Я отрицательно покачала головой.
— Вы очень слабы. Только чашечку молока.
— Уйдите, пожалуйста, из камеры, — попросила я ее.
— Это не камера, это палата больницы. Я врач, я говорю вам о вашем здоровье. Каждый день голодовки отнимает у вас год жизни.
Не отвечая, я повернулась лицом к стене. Я не чувствовала ни мук голода, ни других страданий. Мне хотелось только спокойно лежать. Я слышала, как закрылась дверь. Врач ушла. Через несколько минут дверь снова открылась, но я не повернулась на скрип. Тогда раздался мужской голос:
— Олицкая, вы в состоянии говорить со мной? Я обернулась, села на кровати. На стуле посреди комнаты сидел какой-то чекист.
— Что вам нужно?
— Я приехал, чтобы сказать, что ваши требования — невыполнимы, ваша голодовка — безнадежна. Неужели вы хотите умереть? Врач говорит…
Я перебила.
— Нет, я хочу жить, но в условиях, в которых вы меня держите, жить нельзя.
— Но мы не можем создать вам иной режим, пока не закончится следствие. Вы же сами затягиваете его, отказываетесь давать показания. К тому же голодовка, как метод борьбы, больше не существует.
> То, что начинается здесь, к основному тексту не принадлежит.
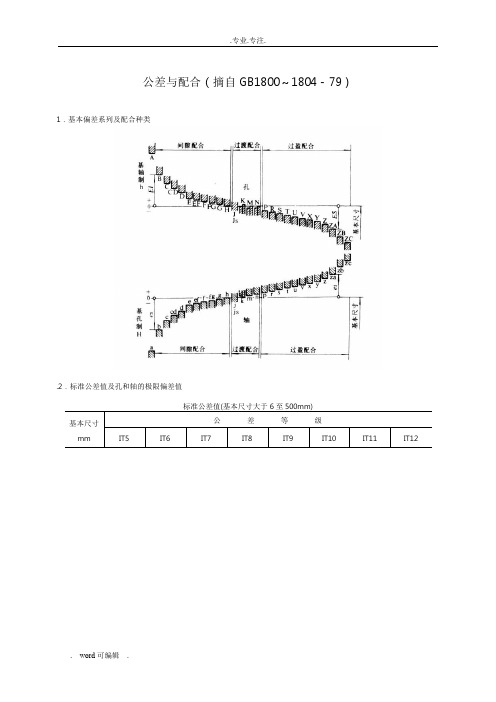 公差与配合标准表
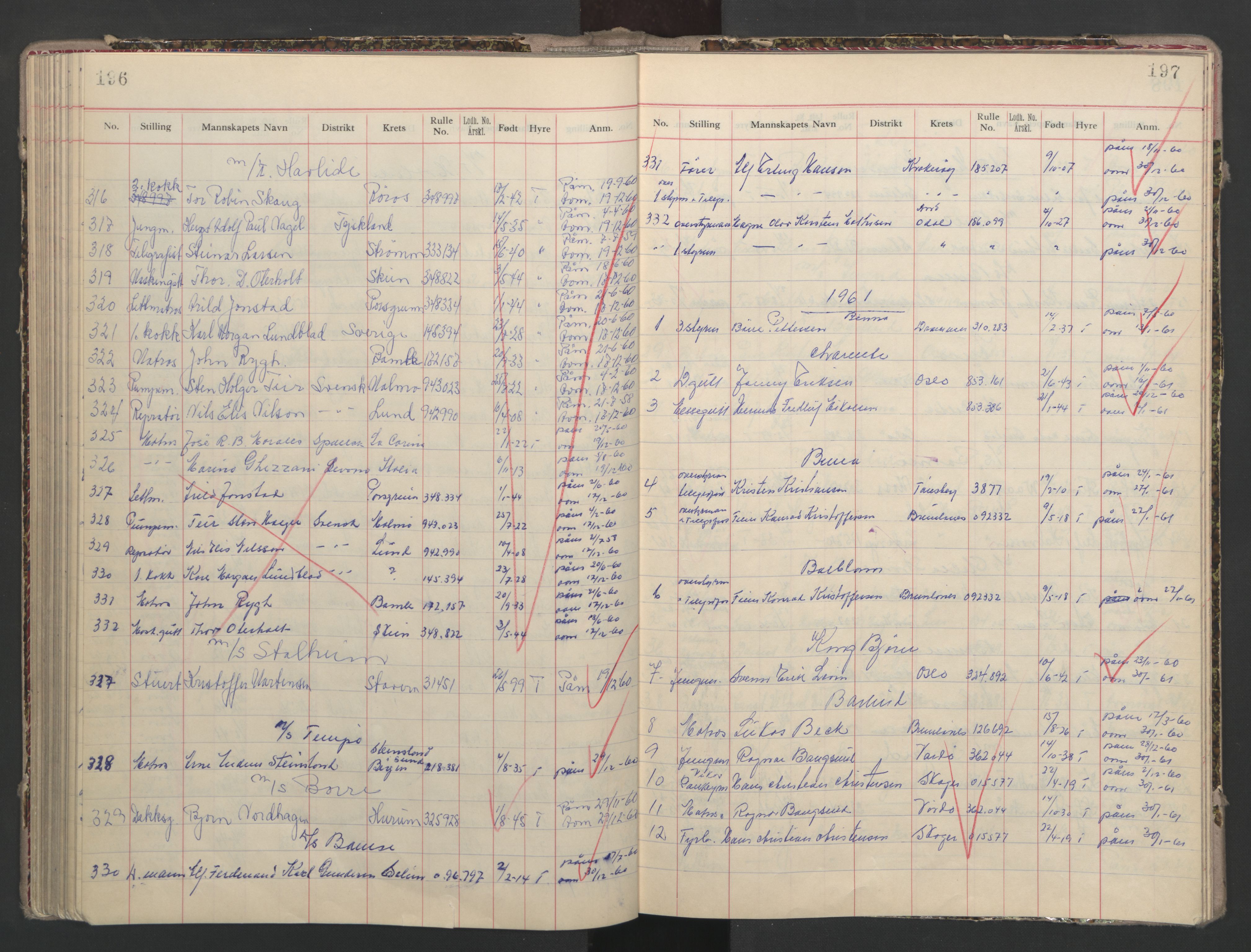 Skien innrulleringskontor, AV/SAKO-A-832/H/Ha/L0006: Mønstringsjournal, 1937-1962, p. 196-197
— Как же вы пишете о голодовках политзаключенных в тюрьмах Европы? Только для нас вы отменили голодовку как способ борьбы? На минуту он осекся.
— Я пришел к вам, чтобы предупредить вас. Меня прислали, чтобы предложить вам снять голодовку. Иначе будет применено искусственное питание.
Злость, беспомощная злость охватила меня. Конечно, я была в их руках, конечно, они могли сделать со мной, что угодно.
— Вон из камеры! — закричала я. — Но если вы примените искусственное питание, то проводить его будете или в карцере, или свяжите меня. Я предупреждаю вас, я все разобью!
Чекист выскочил за дверь. В изнеможении опустилась я на подушки. И вдруг мне ясно представилась картина, происходившая в моей палате… Полный, лоснящийся от жира следователь, и перед ним в кровати взбешенная, истощенная женщина, изрыгающая дикие крики. Мне стало смешно. Я рассмеялась. Видимо за мной следили. Открылась форточка. Очевидно, там, за стеной, решили, что я сошла с ума. В камеру вошла врач.
— Надо покушать, — сказала она. — Ведь вы себя изводите.
— Нет, — ответила я, — это они меня изводят.
— Хотя бы кусочек сахара.
Она положила два кусочка на тумбочке возле меня и ушла.
Мне страшно хотелось запустить вслед ей этим сахаром. Но я удержалась. Пусть лежит. Ведь меня он не соблазняет.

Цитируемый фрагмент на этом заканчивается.